Su resolución vacilo justo afuera de la puerta de la sala de estar de Vivienne y Portia. Ahora que había alcanzado su destino, se dio cuenta de lo impropio que era el estar al acecho cerca de la puerta de la recamara de una joven dama sin siquiera un chaperón o criada a la vista.

Aclarándose la garganta torpemente, llamo a la puerta con un fuerte golpe.

– ¿Señorita Vivienne?, -dijo en voz alta-. ¿Señorita Portia? Es Constable Larkin. Quisiera hablar unas palabras con ustedes si me lo permiten.

Solo el silencio respondió a su petición.

Echó un vistazo hacia ambos lados del pasillo, después probo el pomo. La puerta se abrió fácilmente al empujarla.

La sala de estar estaba desierta, la chimenea apagada. La puerta de la recamara de Portia estaba cerrada, pero la puerta de Vivienne estaba entreabierta.
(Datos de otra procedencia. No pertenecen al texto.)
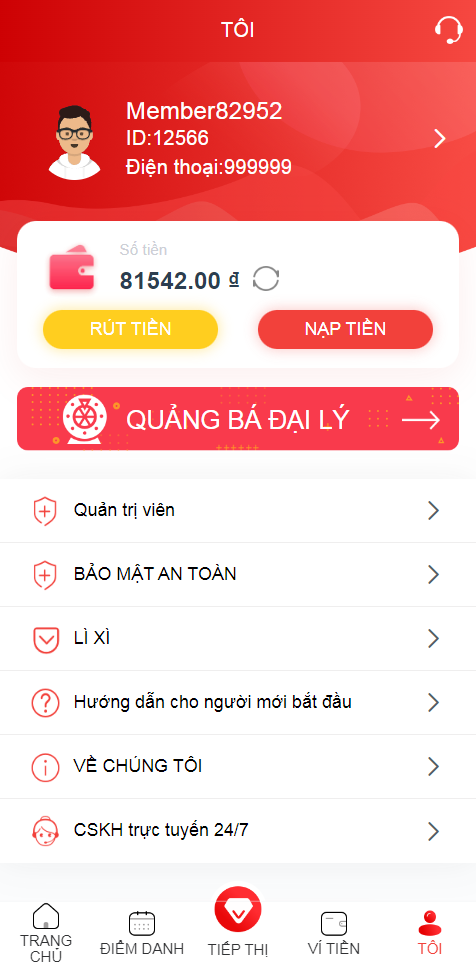 越南语-彩票网站系统，时时彩+VUE源代码，可二开插图9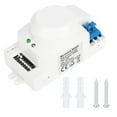 thumbnail image 1 of Microwave Sensor Switch, Motion Light Switch Automatic Induction Function  For Stairway Lamp For Factory For Corridor For Street Lamp, 1 of 8
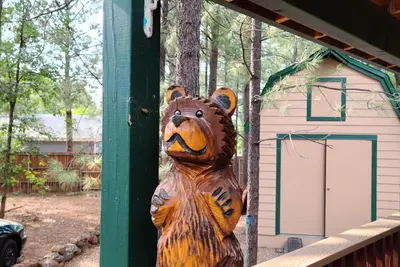 Amazing cabin in beautiful Pinetop close to everything.
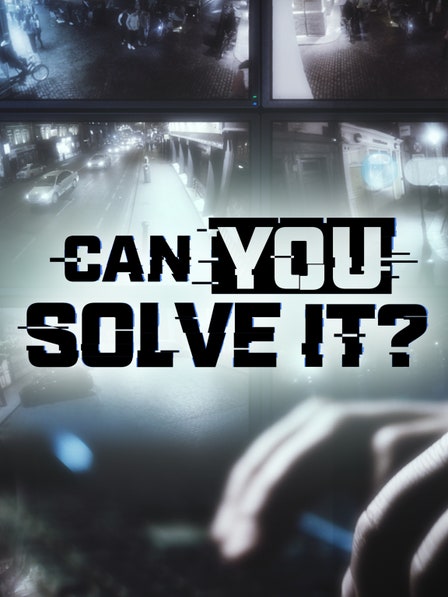 Can You Solve It? dcg-mark-poster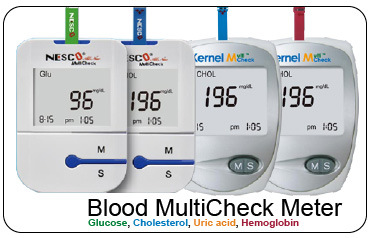 blood multicheck meter
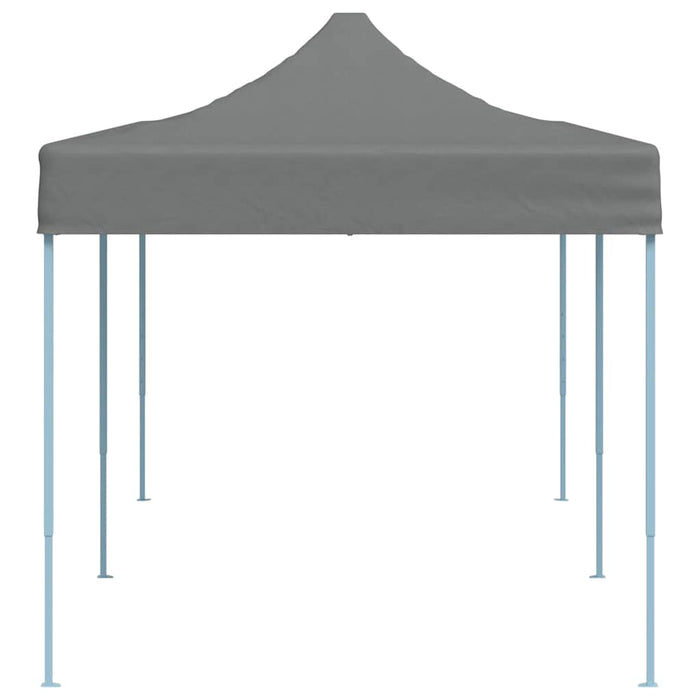 Tenda Pieghevole Pop-Up 3x6 m Antracite 44967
Incapaz de resistir una invitación tan evidente para investigar, Larkin cruzo la sala de estar y abrió la puerta unas pulgadas más. Aunque una vela estaba encendida sobre el tocador, un aire de abandono se aferraba a la habitación.

Larkin sabía que no tenía ningún derecho a estar husmeando, pero la tentación era casi demasiado poderosa. El delicado perfume de lilas de Vivienne lo atrajo hacia la habitación como el más potente de los afrodisíacos. Juzgando por la urgente respuesta de su cuerpo, pareciera ser que había entrado en los prohibidos reinos del harem de un sultán.

La cubierta del tocador era un encantador revoltijo de polvos, ungüentos, y otras misteriosas pociones consideradas indispensables en la búsqueda del evasivo ideal de belleza femenina. En lo que concernía a Larkin, Vivienne no requería de ninguna de ellas. Una media de seda había sido lanzada descuidadamente sobre el banquito del tocador. Deslizo la punta de sus dedos sobre el delicado material, intentando no imaginarse a Vivienne sentada sobre ese mismo banquito deslizando la media sobre una de sus cremosas pantorrillas. Intentando no imaginarse recorriendo con sus labios ese mismo camino hasta alcanzar el sensible hoyuelo detrás de su rodilla.